User Experience Designers...Listen up!

A couple days ago I posted a question here (and on some other discussion lists) regarding how usability can fit into the Agile process. I revised it slightly and added some clarification:

What are the best methods you’ve experienced with regard to incorporating quality design & usability practices into Agile software development?
There is some debate in the software industry regarding the scope of UI design work to be completed before Agile software development can begin. What are your thoughts? When is a detailed prototype necessary? When is it not necessary?

I promised to post my thoughts so here they are.

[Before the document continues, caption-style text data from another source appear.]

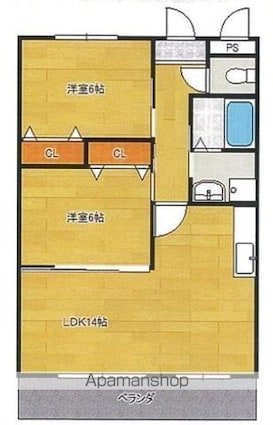 滋賀県長浜市八幡中山町[2LDK/61.18m2]の間取図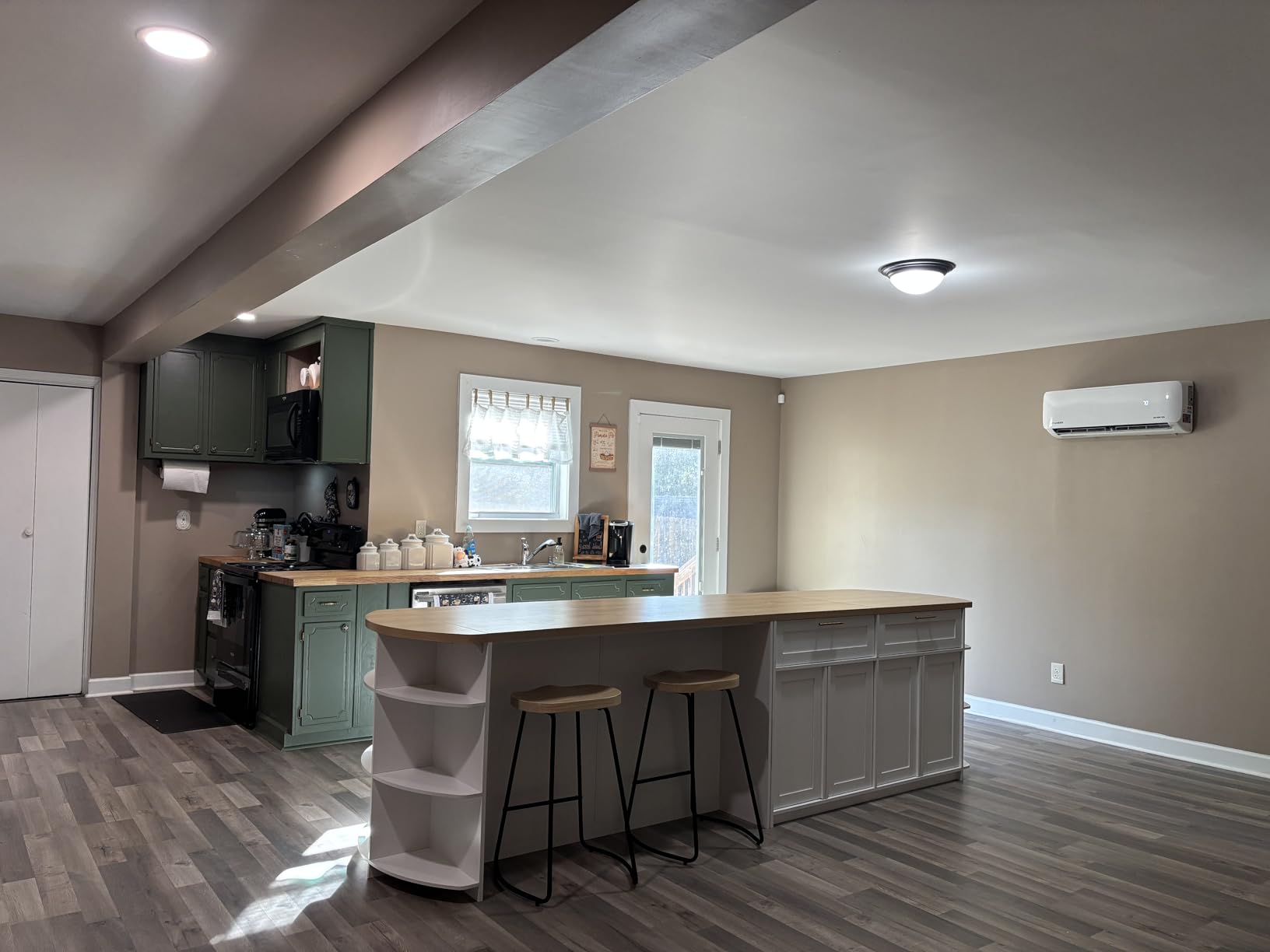 HSH 63 Inch Large Kitchen Island with Storage and Seating, Rustic Brown customer photo 1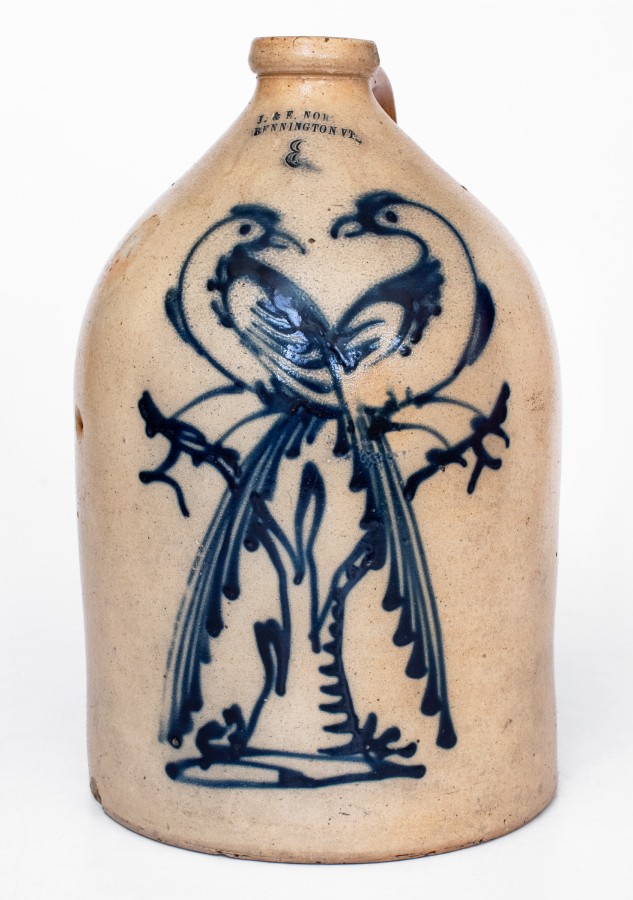 Very Fine 3 Gal. J. & E. NORTON / BENNINGTON, VT Stoneware Jug with Double Pheasant Decoration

The method that I am currently using involves some upfront design time which I consider the architecture phase. During this phase is when you gather and process all the data about various types of end users and their goals. Throughout the architecture phase, we work on low-fi wireframes and/or mockups that address high level global interaction patterns such as type of navigation, inline editing vs. popups vs. separate edit screens, etc. I liken this to the engineers' decisions to use a particular technology, library or persistence strategy. Some of this stuff needs to be thought out early since changes later are expensive and destabilizing. Because, end user satisfaction is a top priority for our customers, I propose doing usability testing during this phase (and all through development). 

While wire-frames and paper prototypes can certainly be tested, we have found that nothing works as well as a clickable prototype. Someone suggested above that just build the real thing and test that. We have repeatedly seen that a very detailed prototype can be built in 4 to 6 weeks where the actual product can take 6 -12 months. Of course with agile development you have something every 2 - 3 weeks but it does take a while to get to something that can be a true test of the user experience. The level of detail in the prototype and wireframes/mockups is really determined by the complexity of the interaction. If one pattern can be reused, there is no reason to prototype every use case of it.

This process can work very well but requires some commitment of time before development begins. This doesn't have to be a year long effort but depending on the type of application somewhere between weeks and months seems appropriate. Regardless of the amount of time required, this is often labeled "Anti-Agile or Waterfall". 

What lead me to asking my original question was my desire to know how others are doing it from a tactical perspective. Can the process I describe above scale? Is it truly anti-Agile? If it is, does that really matter if the result meets user's needs better? 

If the goal is to deliver really good software, not just really good code, I am ok with being slightly less Agile.